科学も人のやること

そして世界に不確定性がもたらされた―ハイゼンベルクの物理学革命

そして世界に不確定性がもたらされた―ハイゼンベルクの物理学革命

不確定性原理はむずかしかったけど、これを読んで思ったのは、厳密な数式で表されている科学も人の思いがつくりあげてきたことなんだなということ。


相対性理論だとか、ボーアの原子モデルだとか、それが厳然たる自然界の法則だと単純に思っていたことも、それを考え出した科学者たちが、各人の思いを載せて数式(科学)という言語で自然を記述してきたことだったんだなと。この本は、これまで気づかなかった自然法則式の裏にいる「人間」をとても鮮やかに浮かびあがらせている。「数式/科学は万国共通の言語」「真理は一つ」とか思っていたけど、科学者たちがみな個人的な感情に突き動かされているところもあって面白かった。どんな大学者、大賢人も人間だもんね。


それと同時に、後半から存在感を一気に増してくる二大巨頭、ボーアとアインシュタインの一徹さみたいなところには敬服。
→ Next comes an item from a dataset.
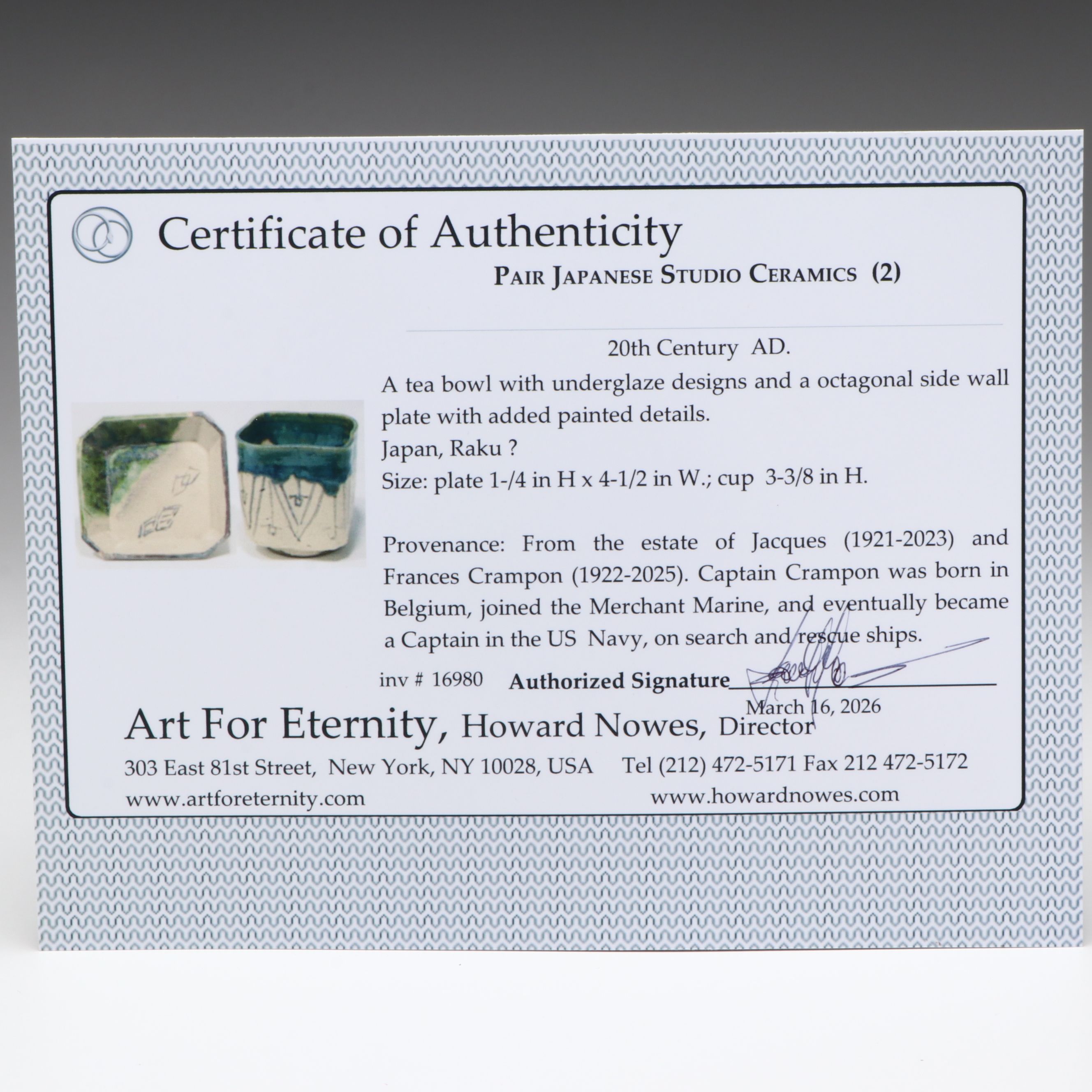 Japanese Studio Ceramic Tea Bowl and Wall Plate, 20th Century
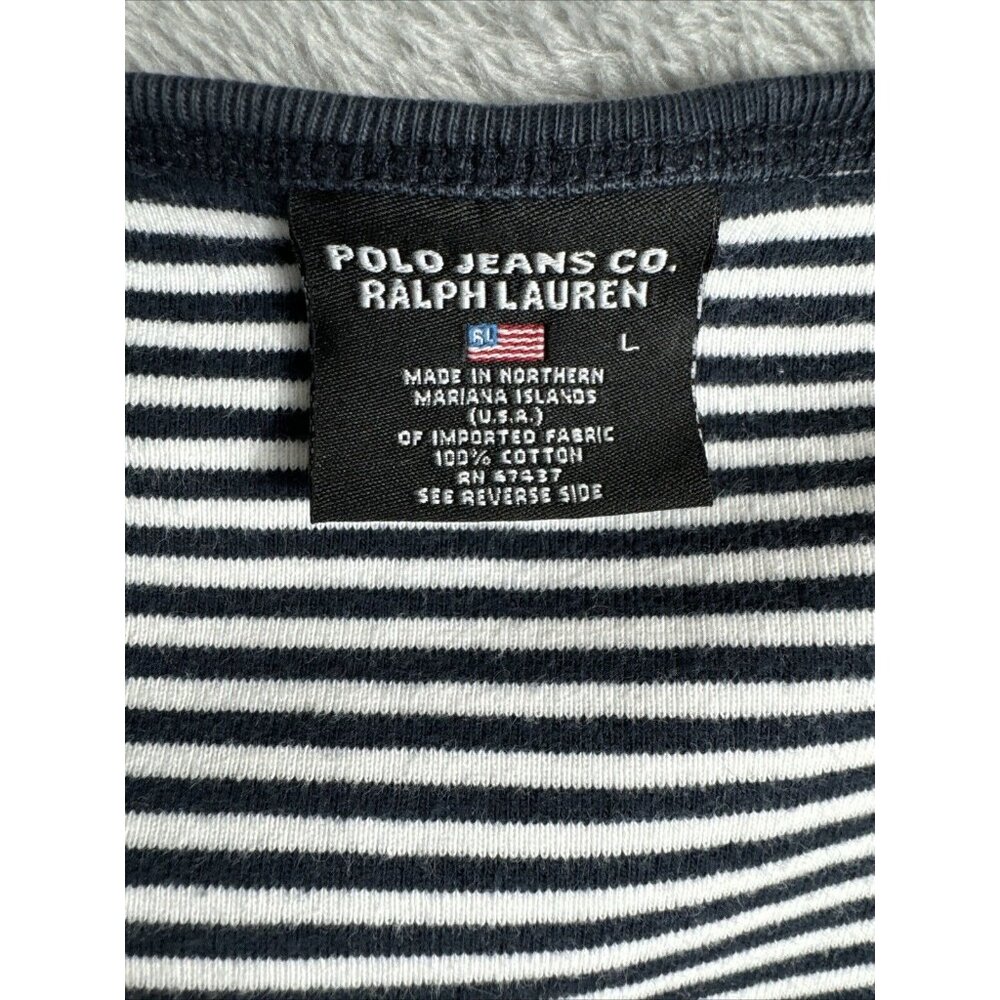Ralph Lauren Shirt Polo JEANS Company Woman’s Crop Top Blue/White Stripped Large - Picture 3 of 11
(特にボーアは)科学というより哲学的な議論になっていた面もあるみたいだけど、二人はそれぞれの信条を貫き通している。
自然に対して科学は何ができるかという立ち位置の比較が分かりやすかった。
アインシュタインが「科学はいかに自然を記述することができるか」
ボーアは「科学は自然から何が言えるか」
禅問答のようだけど、なるほど、と。


不確定性原理を頑なに否定し続けるアインシュタインのモチベーションも、「不確定というのは、今の自分たちに理解ができていないだけ。不確定性があるなんてことを認めてしまっては、人間がそれ以上真理を追究することを止めてしまう」ということを憂えた悲痛な叫びなんだなと思えて、だんだん好感が持ててきた。


ボーアも、主役のハイゼンベルグも、シュレディンガーもドブロイも、大学一年生のころに名前だけ聞いた人達が、ものすごく人間味たっぷりにでてきてそれだけでも楽しめた。不確定性原理量子力学について理解できたかというと。。。。だけど、これまで受けた物理の講義が色々と思い出されて、あー、そういうことだったんだー、みたいな発見はたくさんあった。大学一年に読んでたらよかったかも。(全く意味が分からなかったかもだけど。。。;)


シュレディンガーの猫というのが、量子力学の代表的概念と言うか、それに対する反論として用いられたことと、どの辺に矛盾というか不適切さを孕んでいるのかということが何となく分かるようになっただけでもよしとしとこう。